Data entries
----

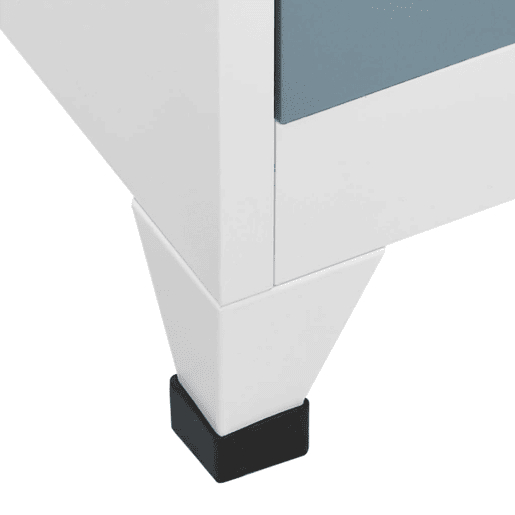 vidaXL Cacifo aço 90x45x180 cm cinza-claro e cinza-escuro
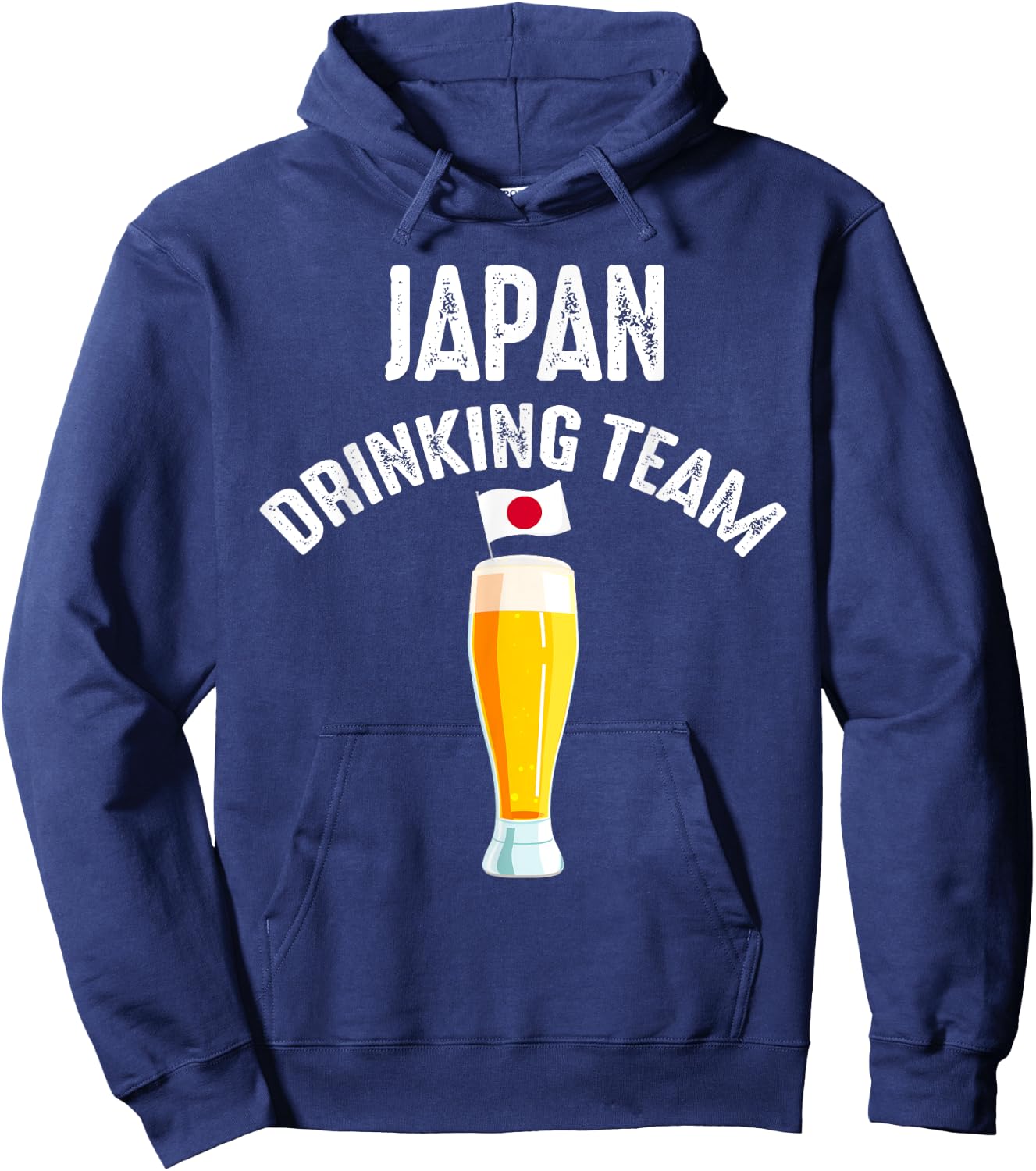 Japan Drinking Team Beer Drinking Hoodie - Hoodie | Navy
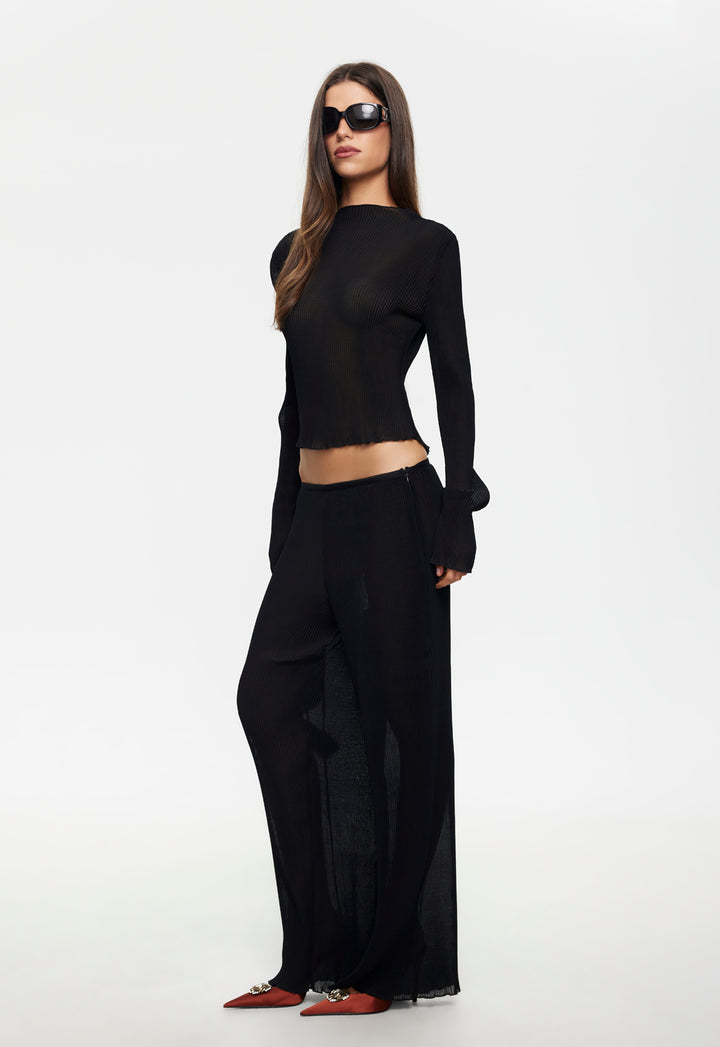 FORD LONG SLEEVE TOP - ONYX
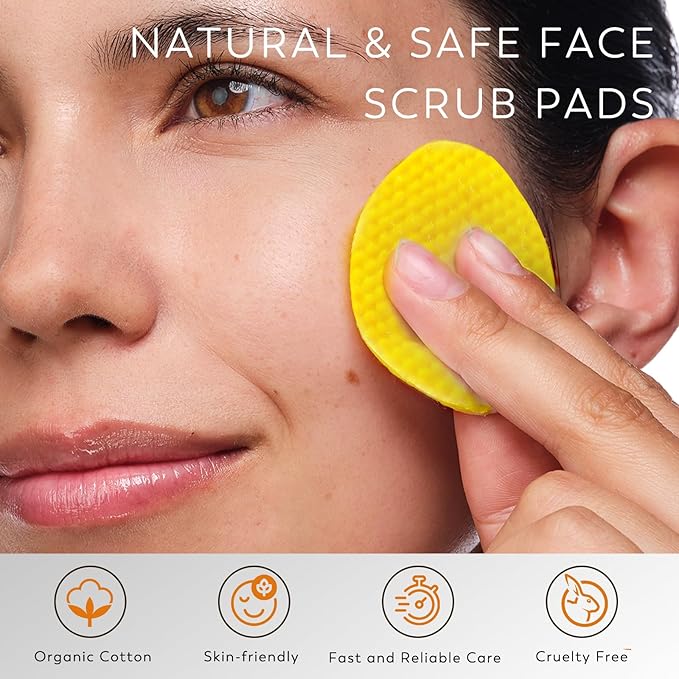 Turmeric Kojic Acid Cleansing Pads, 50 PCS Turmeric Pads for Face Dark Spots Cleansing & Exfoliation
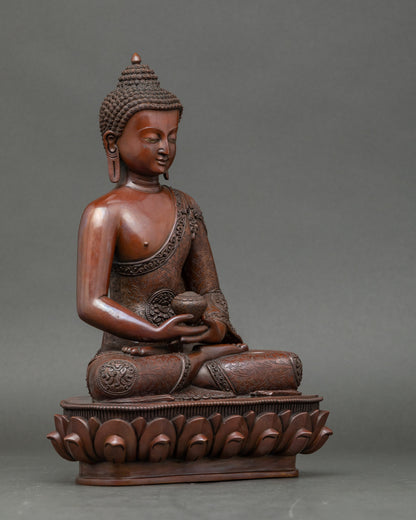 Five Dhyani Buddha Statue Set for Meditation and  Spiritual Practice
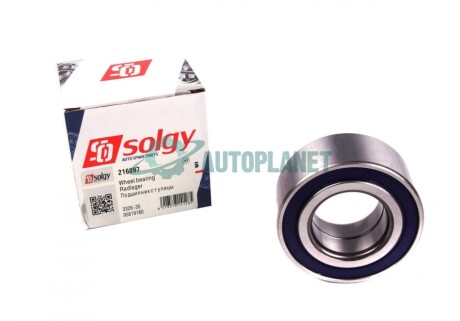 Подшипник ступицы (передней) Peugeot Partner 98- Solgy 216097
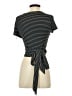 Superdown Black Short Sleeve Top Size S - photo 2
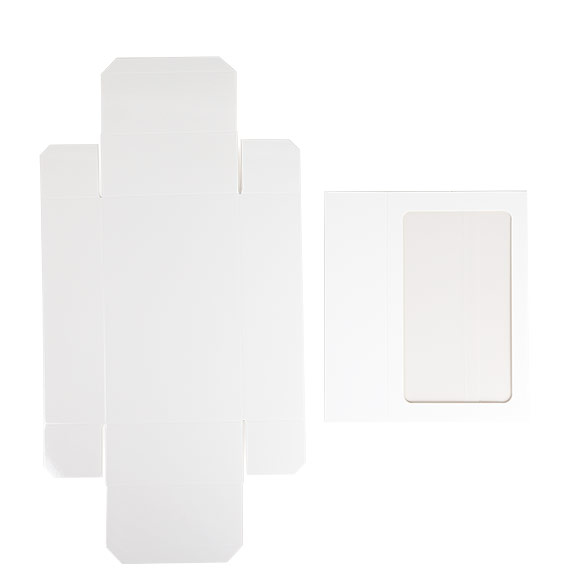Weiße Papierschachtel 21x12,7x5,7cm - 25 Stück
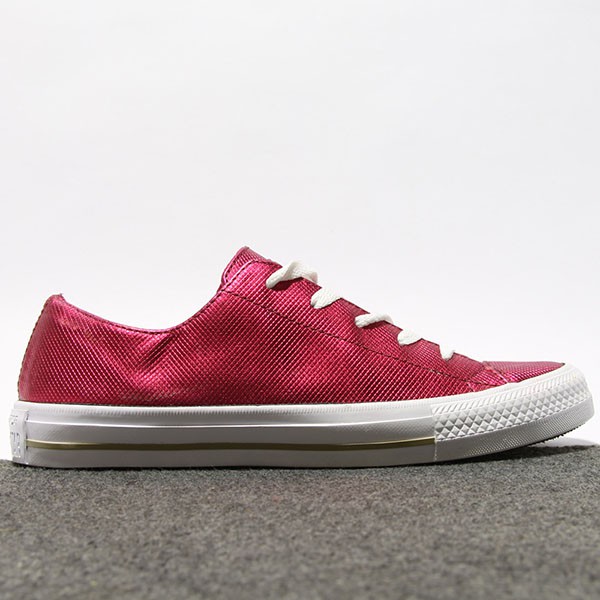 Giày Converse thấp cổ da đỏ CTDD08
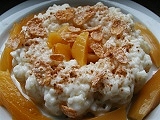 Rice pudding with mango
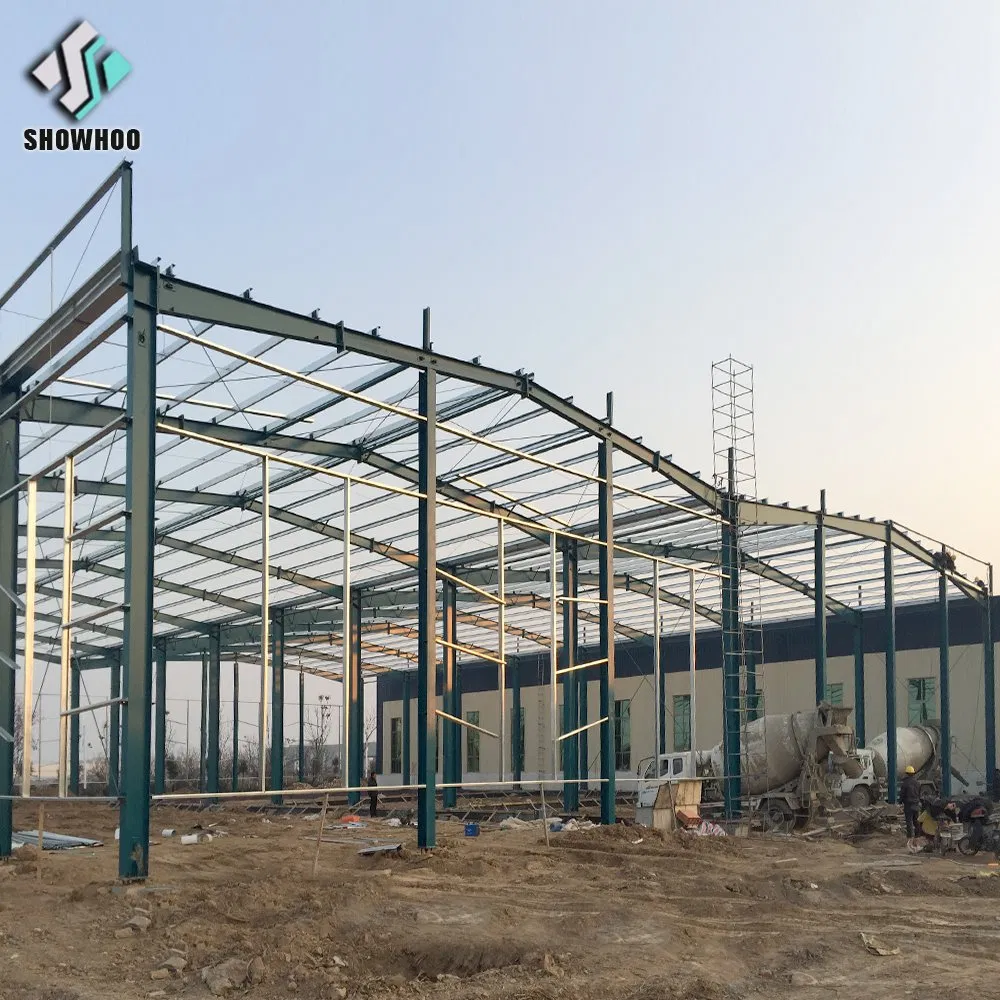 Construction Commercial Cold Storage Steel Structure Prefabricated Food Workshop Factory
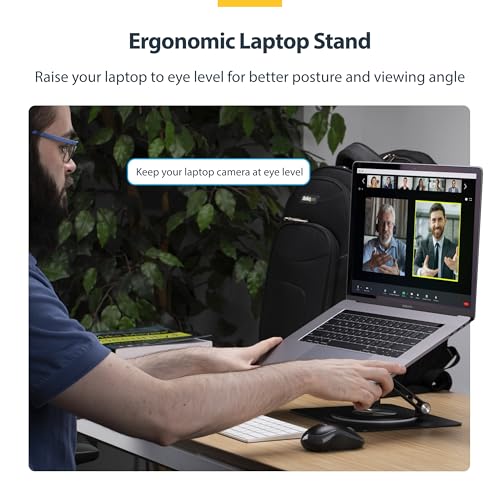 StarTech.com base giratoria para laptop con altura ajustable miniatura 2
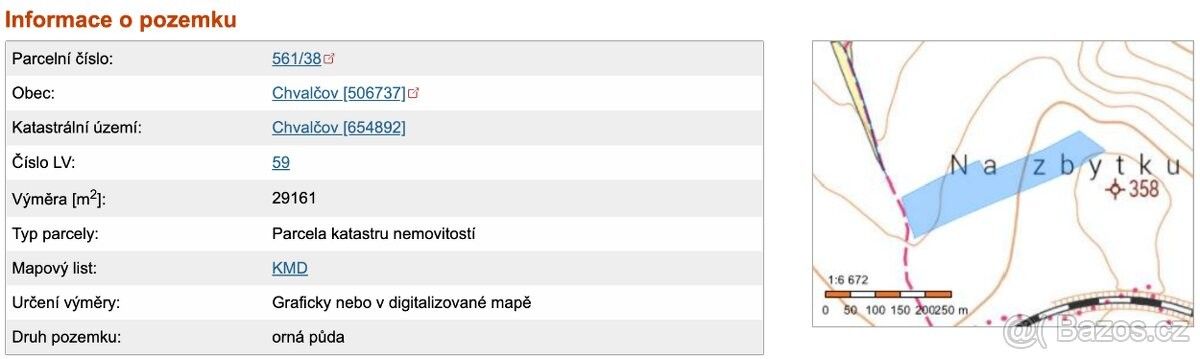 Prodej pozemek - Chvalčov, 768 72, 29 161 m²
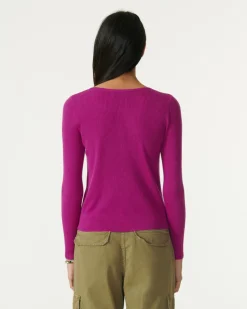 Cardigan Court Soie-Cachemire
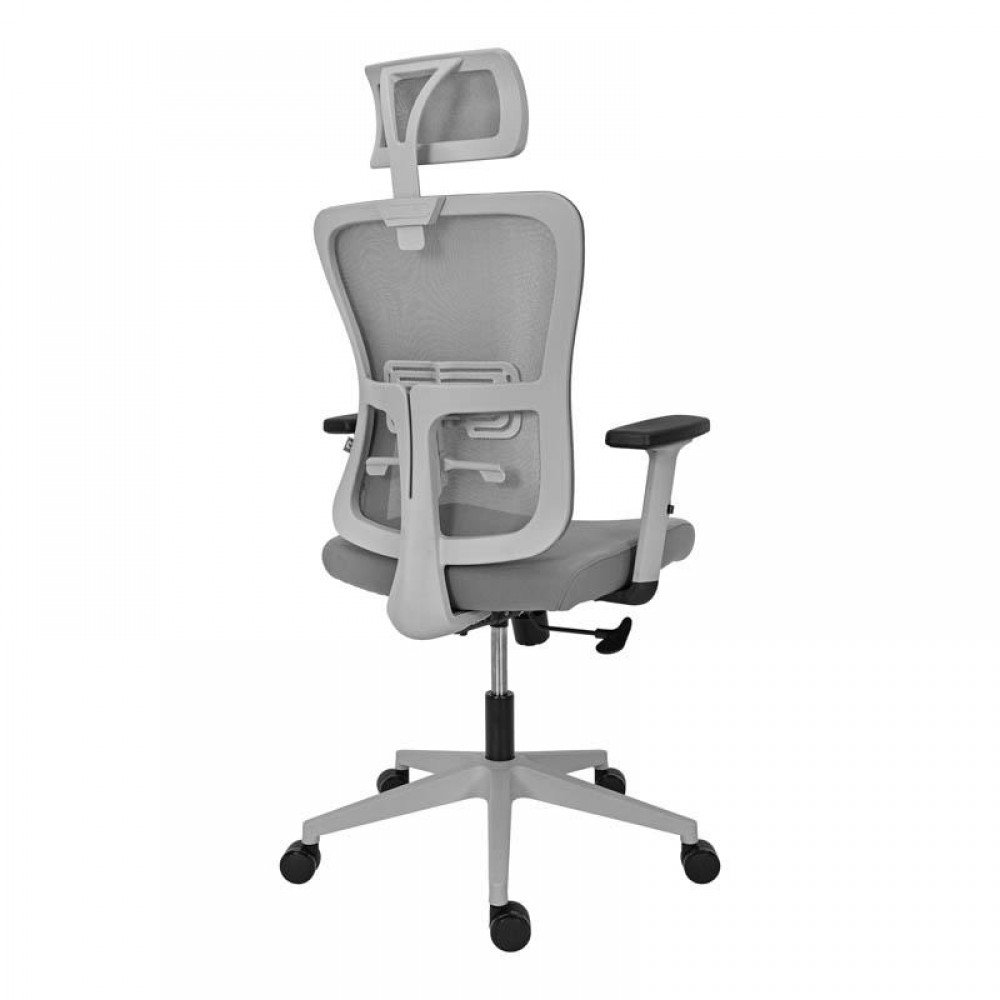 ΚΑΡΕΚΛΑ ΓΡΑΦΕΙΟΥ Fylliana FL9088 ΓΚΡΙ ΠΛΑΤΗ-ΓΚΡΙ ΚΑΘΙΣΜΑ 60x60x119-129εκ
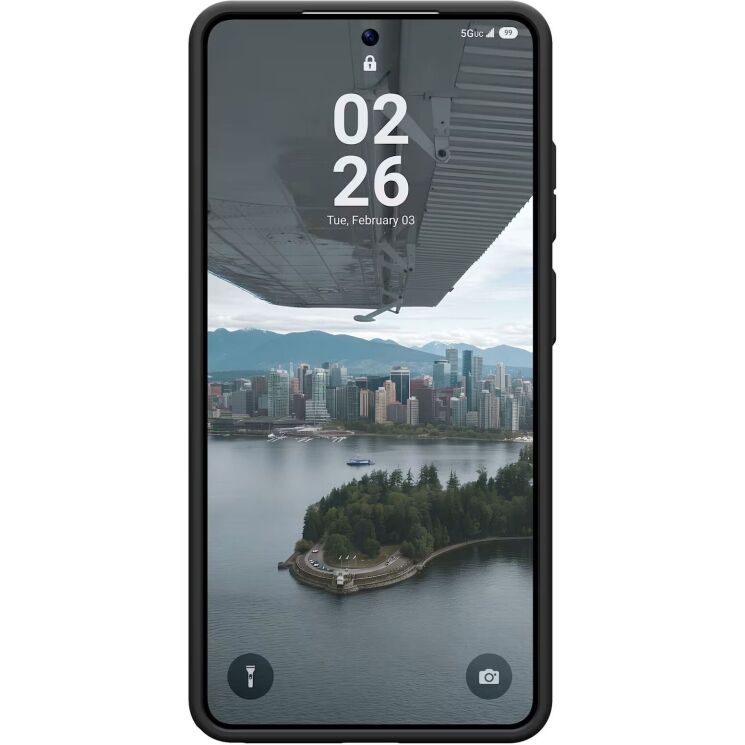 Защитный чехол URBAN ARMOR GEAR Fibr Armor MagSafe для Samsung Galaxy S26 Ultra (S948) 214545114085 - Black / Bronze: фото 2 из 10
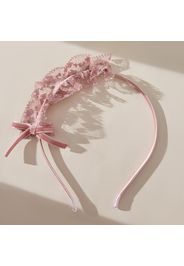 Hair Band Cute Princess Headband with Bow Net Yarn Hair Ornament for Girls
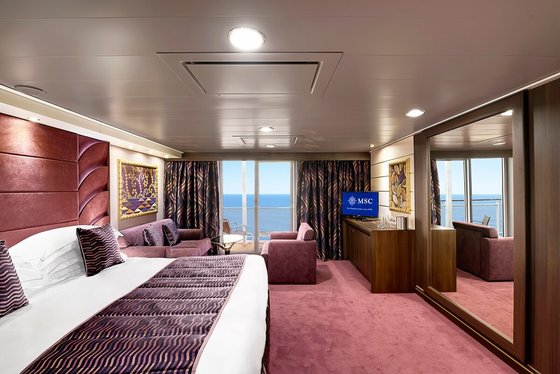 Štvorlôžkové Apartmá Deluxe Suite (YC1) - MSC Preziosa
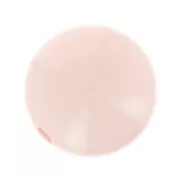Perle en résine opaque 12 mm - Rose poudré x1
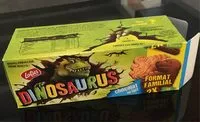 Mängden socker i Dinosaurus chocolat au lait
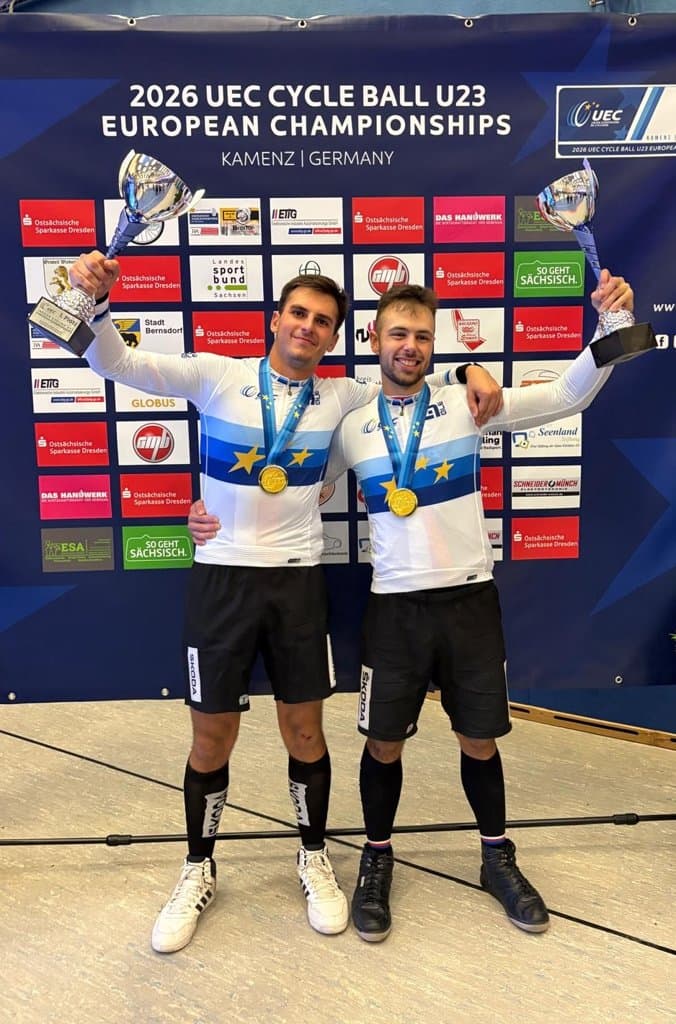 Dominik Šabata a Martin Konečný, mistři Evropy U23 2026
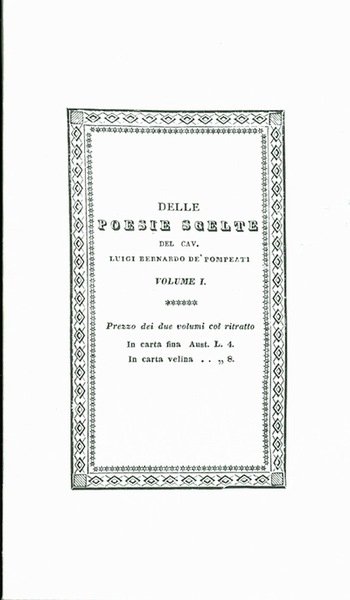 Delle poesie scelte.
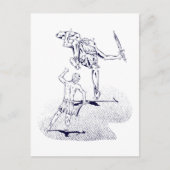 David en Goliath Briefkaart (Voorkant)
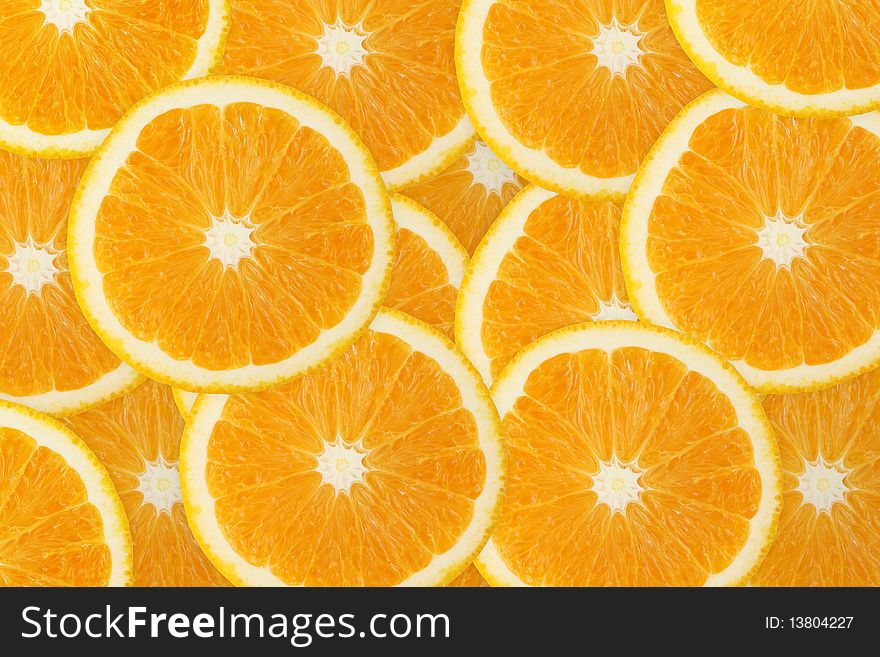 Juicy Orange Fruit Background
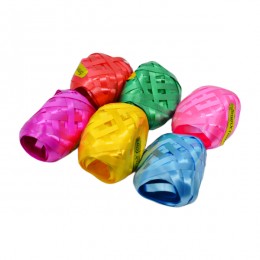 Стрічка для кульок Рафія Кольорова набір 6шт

----

• [Exercise aim]: Copy exactly, leaving out pictures, the lines from the line containing "Dominik Šabata a" through the last line of the records.

• [Reply to the exercise]:
 Dominik Šabata a Martin Konečný, mistři Evropy U23 2026
 Delle poesie scelte.
 David en Goliath Briefkaart (Voorkant)
 Juicy Orange Fruit Background
 Стрічка для кульок Рафія Кольорова набір 6шт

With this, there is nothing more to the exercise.